But, if we would analyze non-cancer deaths among cancer patients, it could become clear that orthodox therapies often do more harm than good. For example, cancer treatment can damage the heart and cause deaths from heart failure. This means fewer deaths from cancer. Analysis of the records of 1.2 million cancer cases in the Surveilance, Evaluation and End Results (SEER) database showed that non-cancer deaths accounted for 21 - 37 percent of all deaths. The authors of this analysis attributed this effect to the damage caused by cancer treatment, mainly chemotherapy.
I believe that any true randomized clinical trial (where it has been shown that a group treated with chemotherapy experienced significantly increased survival when compared with that of an untreated group) would show the SEER figures to be too low. In clinical trials, many patients are excluded because they could not complete the rather arduous treatment. So randomized comparisions are of healthier treated patients against all the controls, rendering a lot of trials invalid.
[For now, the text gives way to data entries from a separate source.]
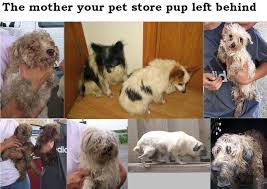 Puppy Mill Mothers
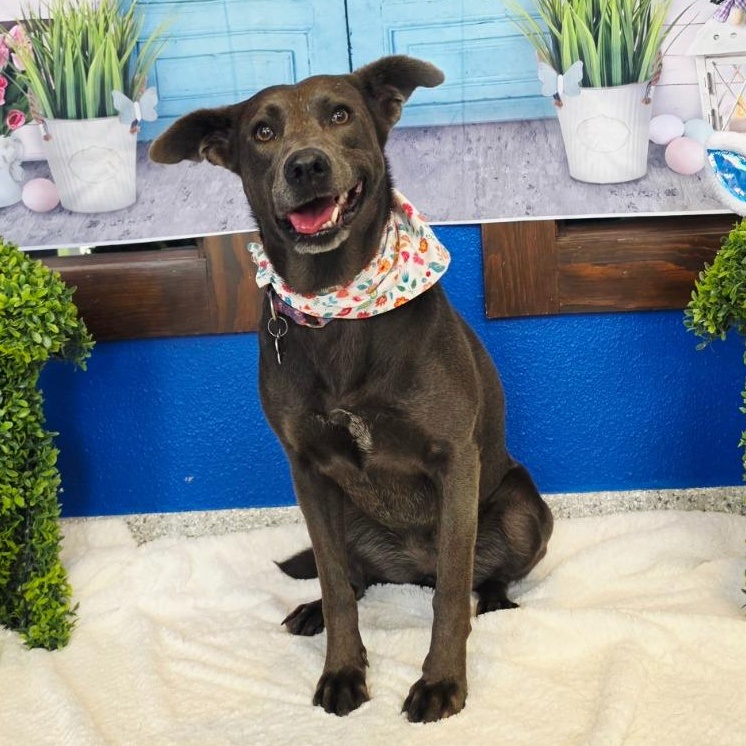 Enlarge April, a Adoptable mixed breed in Tyler, TX image 1/5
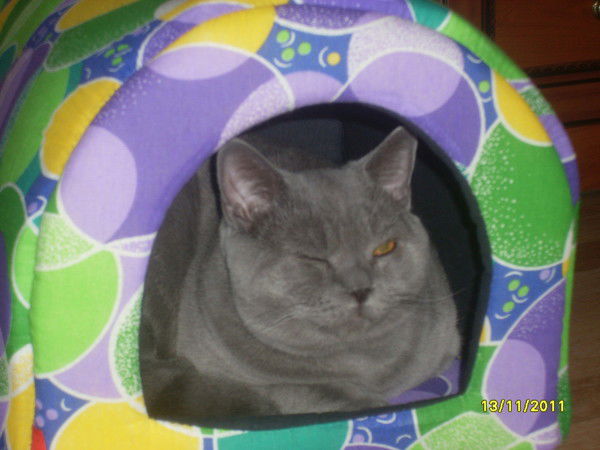 Марина Иваницкая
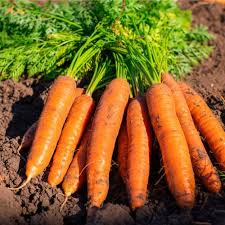Matihaat Orange Carrot Seeds Matihaat
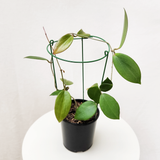 Hoya nicholsoniae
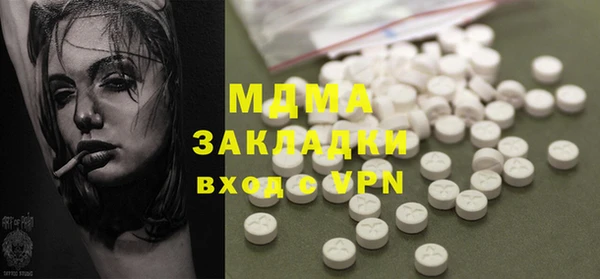 индика Алексин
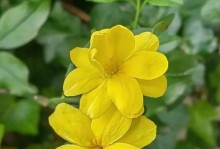 迎春花的养殖与施肥技巧（打造美丽花园，从迎春花开始）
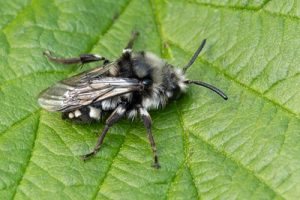 Common Mourning Bee - Melecta albifrons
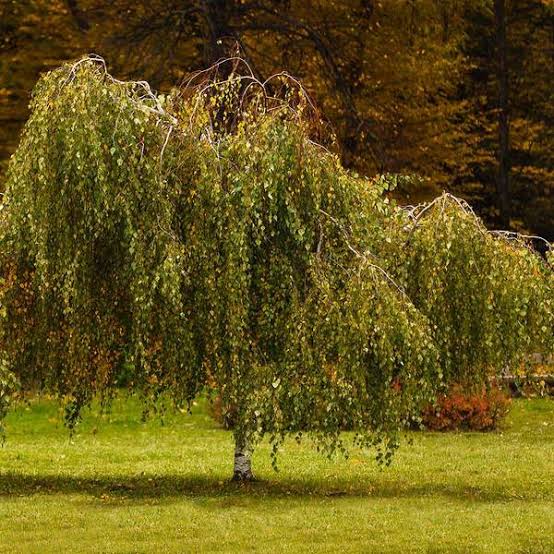 Mini Menggemaskan, 10 Jenis Pohon Kurcaci Yang Indah
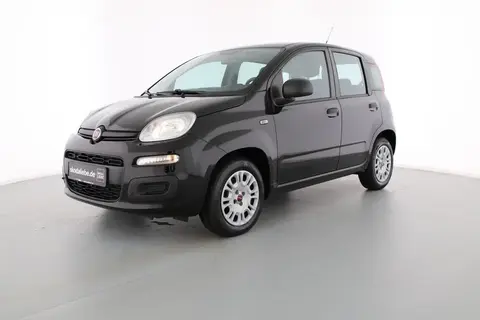 Used FIAT PANDA Petrol 2019 Ad 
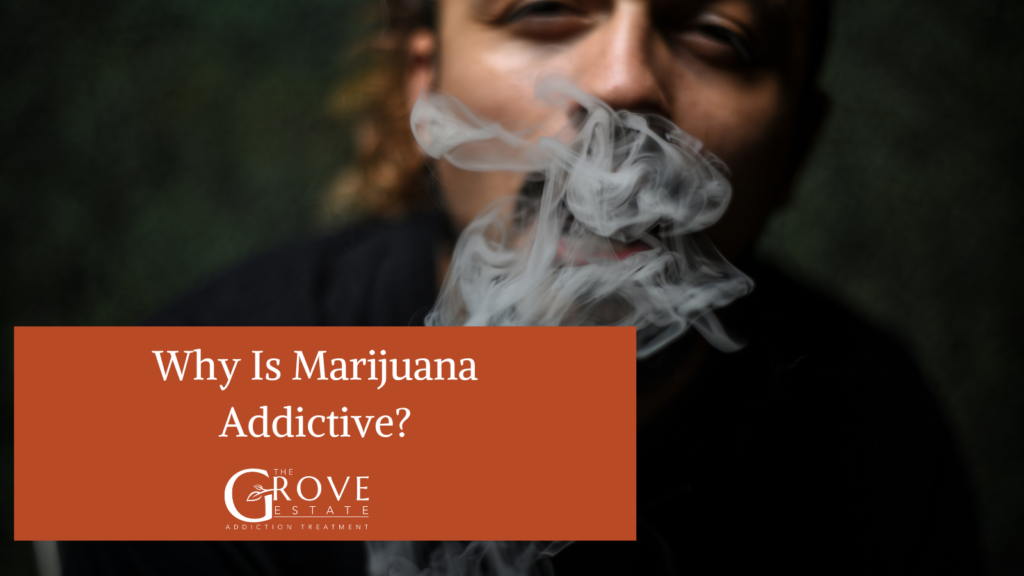 Why Is Marijuana Addictive?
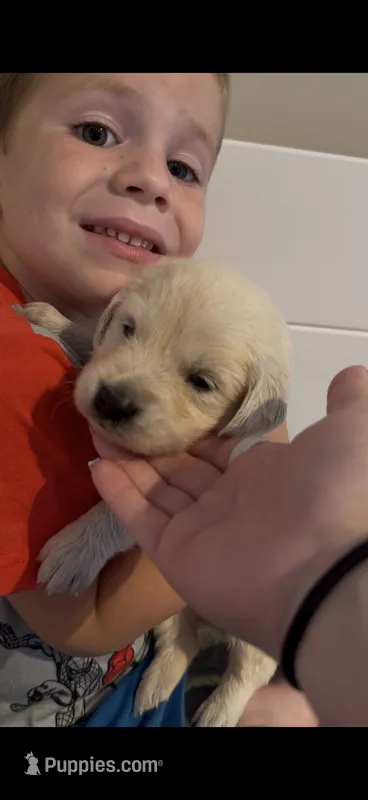 Natasha (Black Window) – English Cream Golden Retriever puppy for sale in Pittsfield, MA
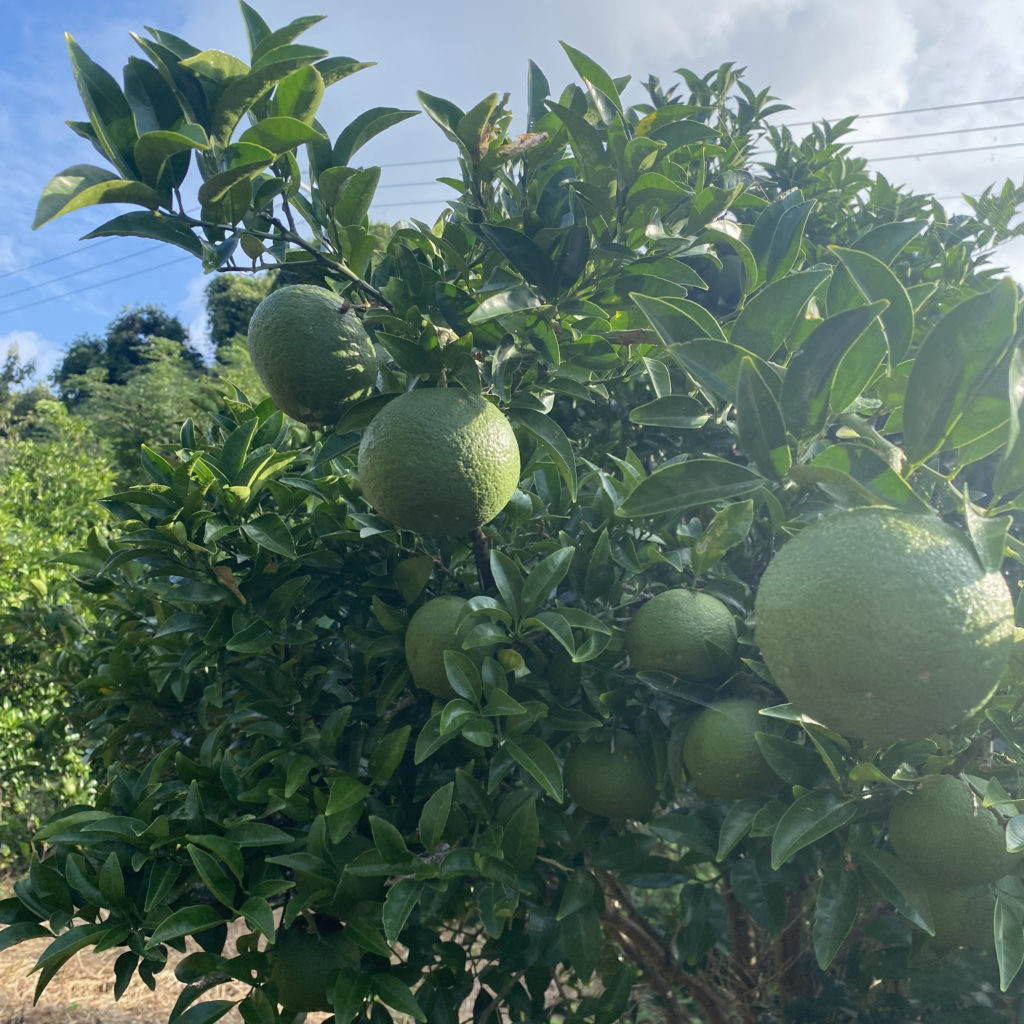甘夏みかん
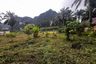 Land for sale in Khao Thong, Krabi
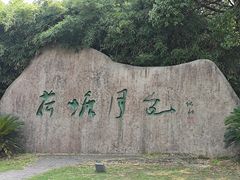 -荷塘月色湿地公园·向阳花洲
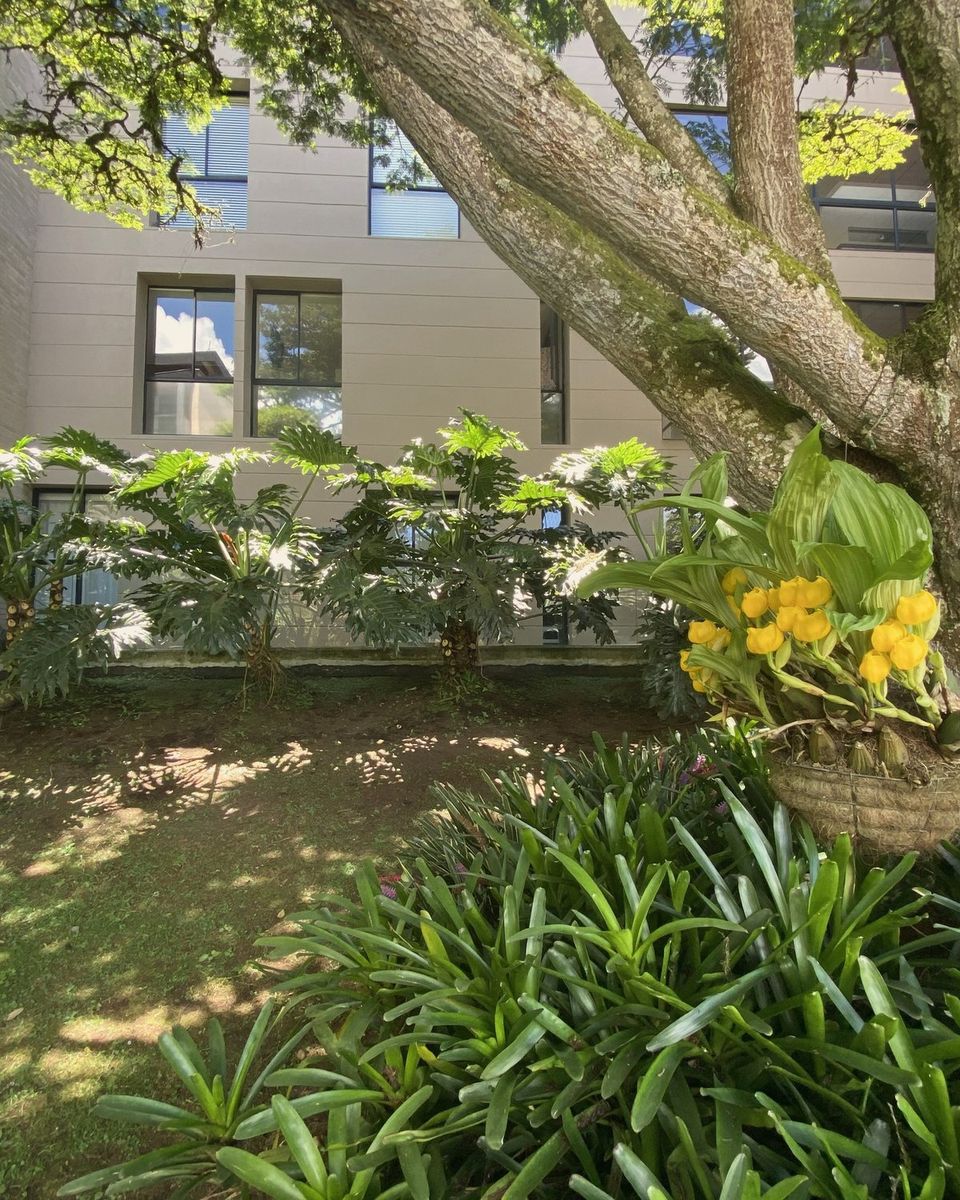Orquídeas en los árboles en la unidad, en Llanogrande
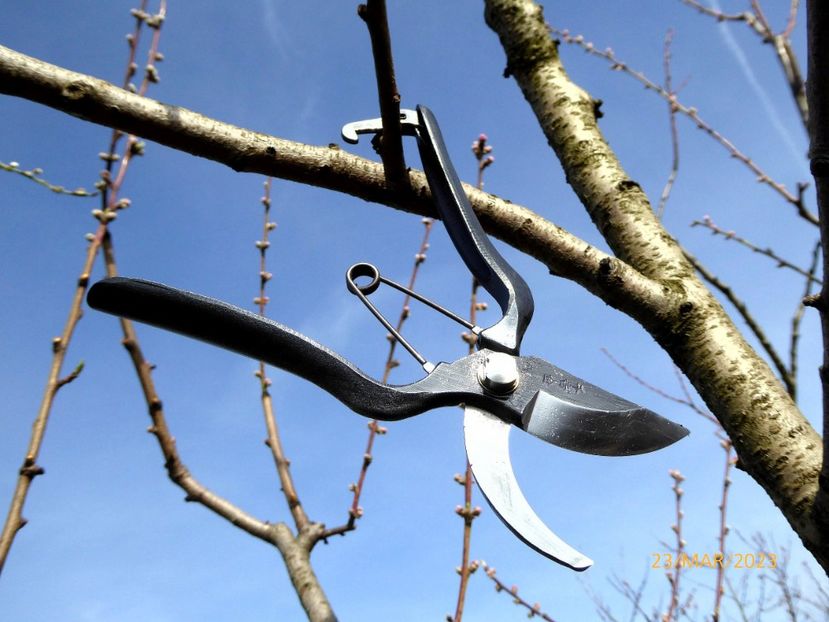 005foarfece_japonez - Senkichi Gold Series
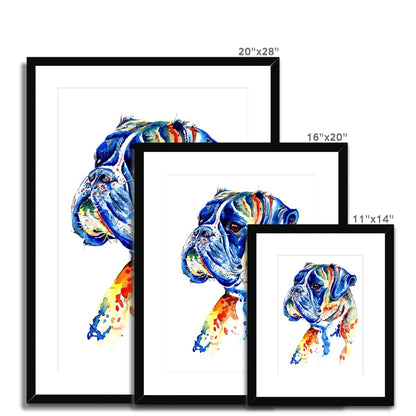 French Bulldog Framed & Mounted Art Print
And until recently, there was no access to SEER data in myelodyplastic syndrome (MDS). This data is now starting to be developed and is confirming that MDS differentially affects older patients. As the current generation's age and life expectation lengthens, MDS may become a significant health issue world wide. This also emphasizes the need to develop therapies for older patients not candidates for intensive chemotherapy or bone marrow transplantation.